» **Data provided**
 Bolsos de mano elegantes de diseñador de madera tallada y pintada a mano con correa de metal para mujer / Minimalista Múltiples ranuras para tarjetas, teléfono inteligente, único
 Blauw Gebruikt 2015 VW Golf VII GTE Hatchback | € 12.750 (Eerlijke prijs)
==
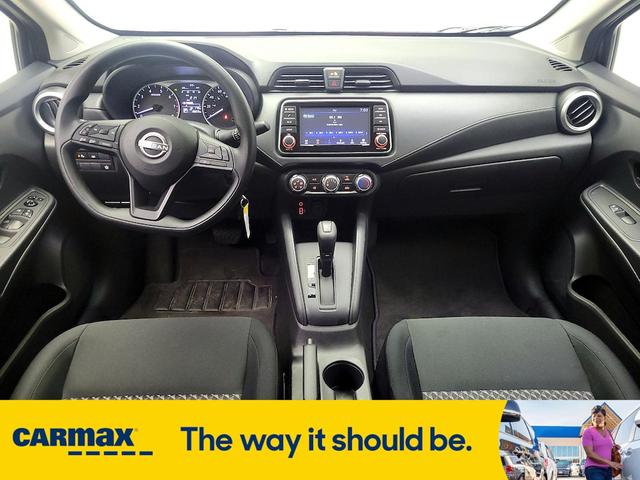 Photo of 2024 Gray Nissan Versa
...
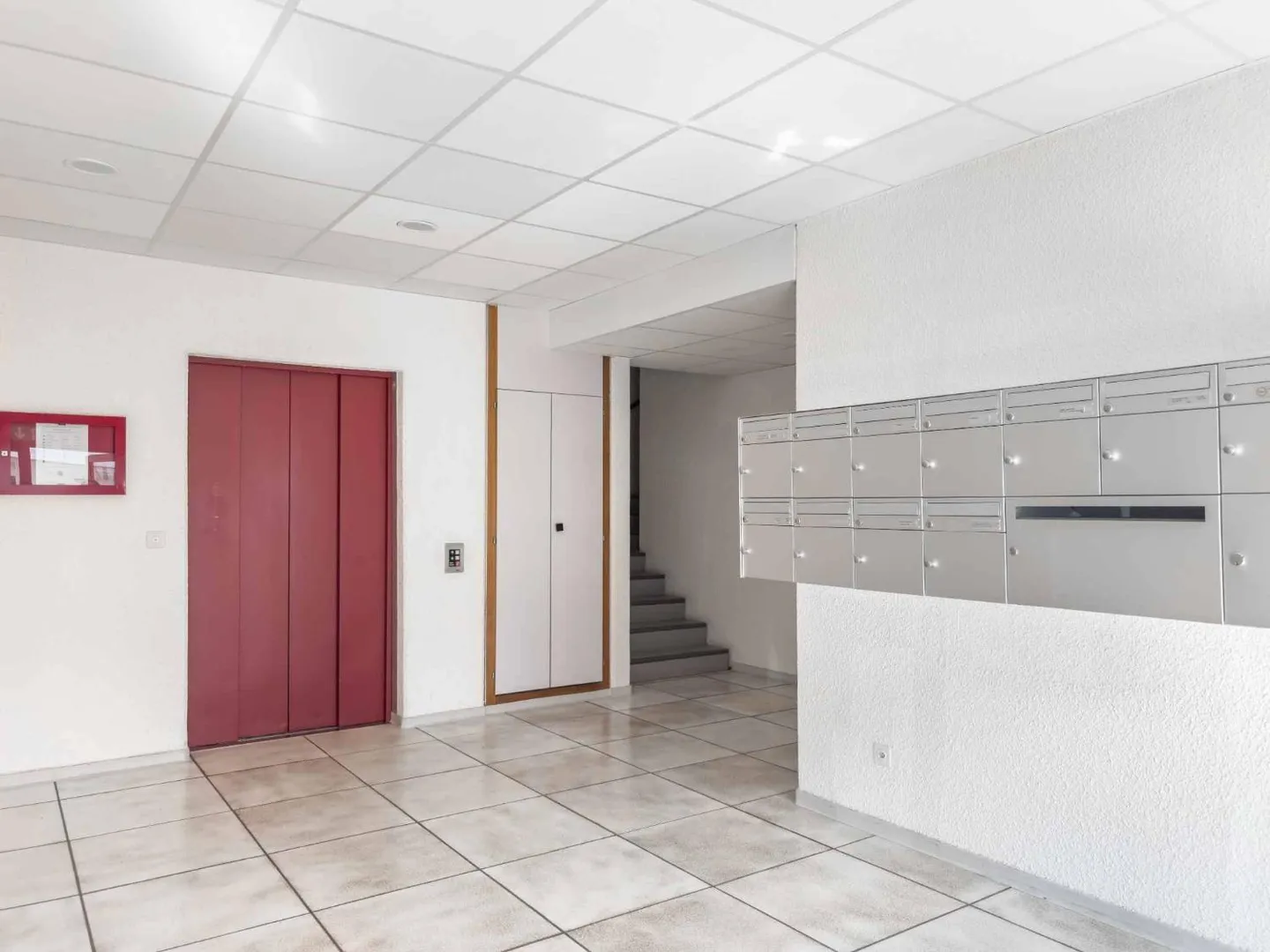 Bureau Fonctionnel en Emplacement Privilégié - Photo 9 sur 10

» **What you should do**
Please copy, exactly as written, every line in the listing above from the line with "Bolsos de mano" up to and including the line with "Blauw Gebruikt 2015".

» **Response to the exercise**
 Bolsos de mano elegantes de diseñador de madera tallada y pintada a mano con correa de metal para mujer / Minimalista Múltiples ranuras para tarjetas, teléfono inteligente, único
 Blauw Gebruikt 2015 VW Golf VII GTE Hatchback | € 12.750 (Eerlijke prijs)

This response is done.